Taking to the Train
As far back as 1991, Southwest Airlines was fighting against the possibility of high-speed rail in Texas. Twenty years on, high-speed rail has become a reality in many parts of the world. Exactly how it will impact aviation and the need for infrastructure development is open to question, though. The evidence is certainly mixed—and there is as much cooperation as competition.
In the United States, the Obama Administration’s stated goal is to bring high-speed rail to 80% of the population. Transportation Secretary Ray LaHood has suggested the cost could reach $500 billion over 25 years. But trains have never really taken hold in the country. Amtrak trains carry just 4% of the total domestic passengers carried by US airlines. Since 1970, the train system has eaten up an estimated $35 billion in subsidies and, moreover, it trundles along at a relatively sedate 80mph, compared with the 150mph-plus achieved in Europe and the near 200mph of China’s high-speed network.
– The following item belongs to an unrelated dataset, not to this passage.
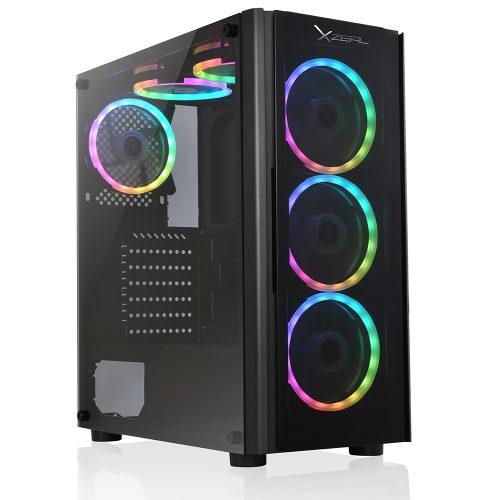 Gabinete Gamer Xzeal XZ110-1, 4 Ventiladores RGB Incluidos, ATX, USB 3.0, Ventana de Cristal templado, XZCGB12B, PROMOXZEAL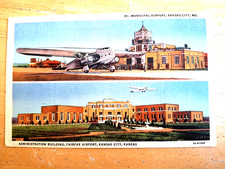 Kansas City Municipal Airport MO Postcards Plane's on the ramp picture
In Europe, high-speed rail has already had a huge impact on aviation and the region’s congestion-hit airports. In 2007, the Madrid-Barcelona air route was among the world’s busiest but early the following year a high-speed rail link opened. The train now carries more passengers than the airlines between the two Spanish cities. And the line will be extended to France in 2012, linking Spain with the European network. Fares vary, as they do for airlines, but one estimate puts a train’s carbon emissions on the Madrid-Barcelona route at a fourth of those of an air service.
On the other hand, according to ACI Europe, the region’s airports provide a network of 150,000 city pairs compared with a high-speed network of about 100 city pairs. Only 40 new city pairs are expected to be connected by high-speed trains by 2030. That’s equivalent to a reduction in demand for flights of just 0.5%. Airlines have also cooperated with their rail rivals to bring passengers a seamless travel process and greater connectivity. For example, SNCF (French Railway) codeshares not only with Air France but also the likes of American Airlines, Cathay Pacific, and Emirates. Potentially, such agreements could free up valuable slots.
The biggest question mark hangs over the burgeoning Chinese market. Over the next five years, while $54 billion (CNY350 billion) is being spent on new airports, rail will benefit from more than $600 billion (CNY4.25 trillion) in investment. Already, there is more than 8,000km of high-speed track in the country and over 4,500km is expected to be added in 2011 alone. Vice Minister for Transport and Administrator of the CAAC Li Jiaxiang believes about 50% of flights less than 500km in distance could become unprofitable because of competition from high‑speed trains, and around 20% of flights 800-1,000km could also run at a loss.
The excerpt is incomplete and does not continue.